Ketika klab tempat Tony Lip ditutup, dia perlu mencari pekerjaan baru selain lomba makan hotdog. Kemudian Tony tengah direkomendasikan untuk menjadi sopir untuk pemain piano profesional yang akan melaksanakan tur.
Dari perjalanan tersebut, Shirley, sang pemain piano, belajar mengenai pentingnya keluarga bagi Tony. Dua orang tersebut saling mendapati pelajaran dari kisah hidup satu dan lainnya selama melakukan perjalanan bersama.
Meskipun film ini lebih menggambarkan suasana rasis pada zaman itu, karena Shirley adalah pria berkulit hitam.
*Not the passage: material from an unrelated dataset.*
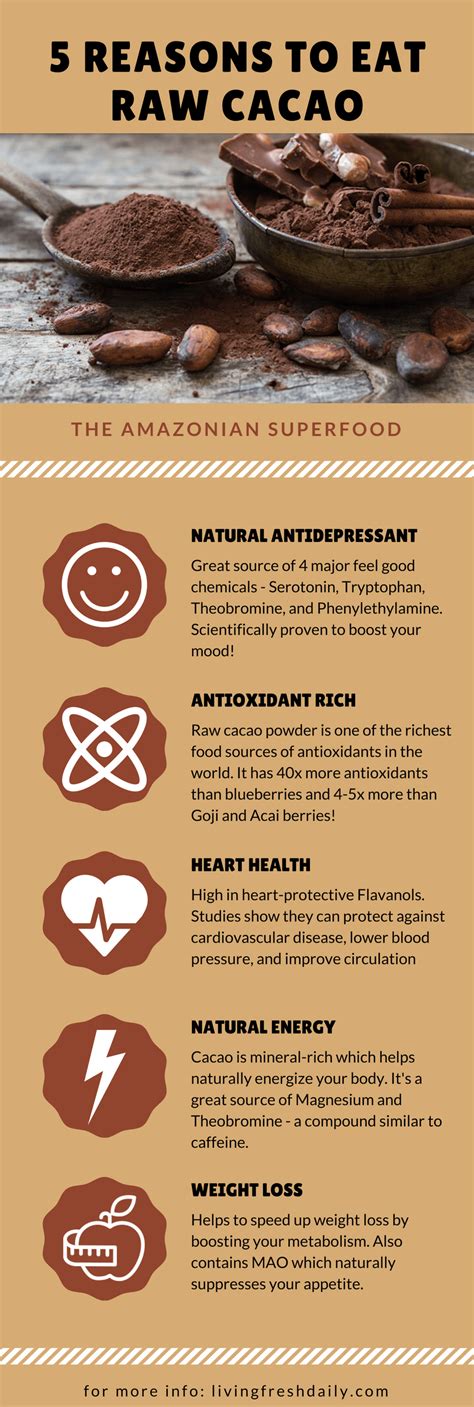 Raw Cacao Benefits | 5 Reasons You Need To Be Eating This Superfood - Living Fresh Daily Cacao ...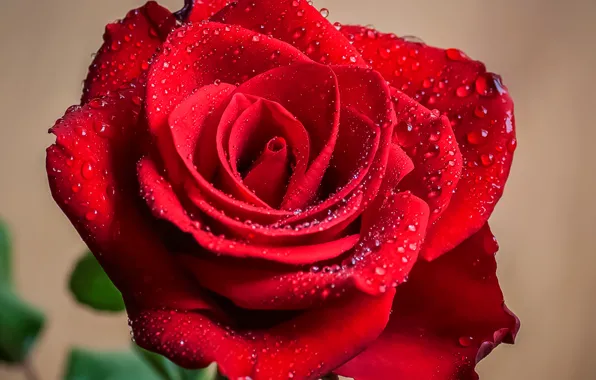 Picture drops, macro, roses, petals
Shirley tetap mendapatkan perlakuan yang tidak enak meskipun dia pemain piano yang jenius. Sedangkan Tony Lip harus selalu ada untuk Shirley di setiap permasalahannya.
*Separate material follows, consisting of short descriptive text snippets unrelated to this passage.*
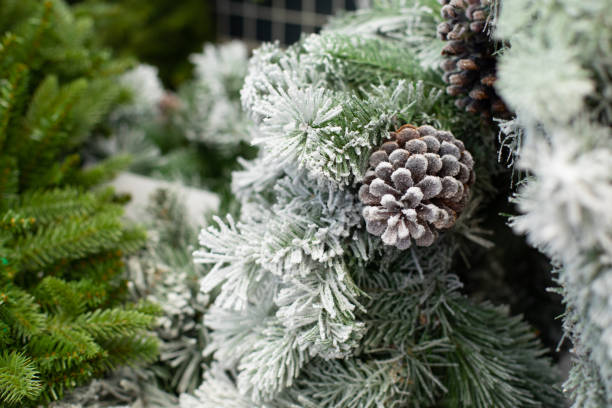 istock Christmas tree branches covered in snow with a big natural cone. Festive New Year and Christmas backdrop background 1249837638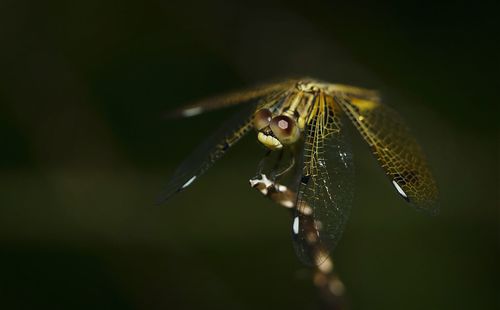 Close-up of plant against blurred background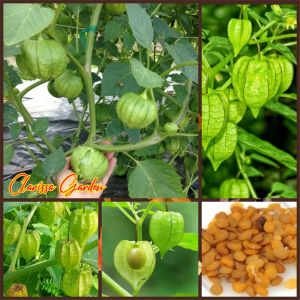 15 BUTIR BIJI/BENIH CIPLUKAN HIJAU GREEN TOMATILLO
Dari awal hingga akhir film, kita disuguhkan nasihat-nasihat penting dan tidak penting dari kedua tokoh cerita tersebut. Sifat Tony sebagai si mulut besar menjadi penggurih dalam film. Dua tokoh dengan latar belakang kehidupan yang berbeda, Tony dan Shirley memiliki prinsip hidup masing-masing dan mampu membaginya untuk satu sama lain.
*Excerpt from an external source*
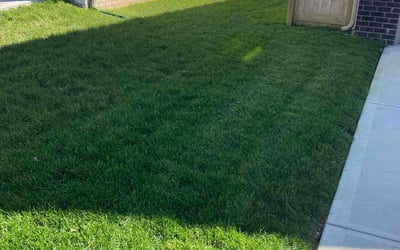 Photo of Carleen T.'s yard after getting lawn care in Versailles, KY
Dari ketiga film tersebut, yang saya dapati adalah keluarga perlu menjadi prioritas utama untuk alasan apapun. Dari keluarga kita mendapatkan dukungan dan untuk keluarga pula kita kembali dari 'medan perang'. Meski penggambaran keluarga dari masing-masing film berbeda, namun saya bisa pastikan bahwa dengan memiliki keluarga ataupun orang-orang yang telah dianggap keluarga, mereka pantas mendapatkan perhatian dari kita meskipun kita sedang dalam keadaan yang menyulitkan.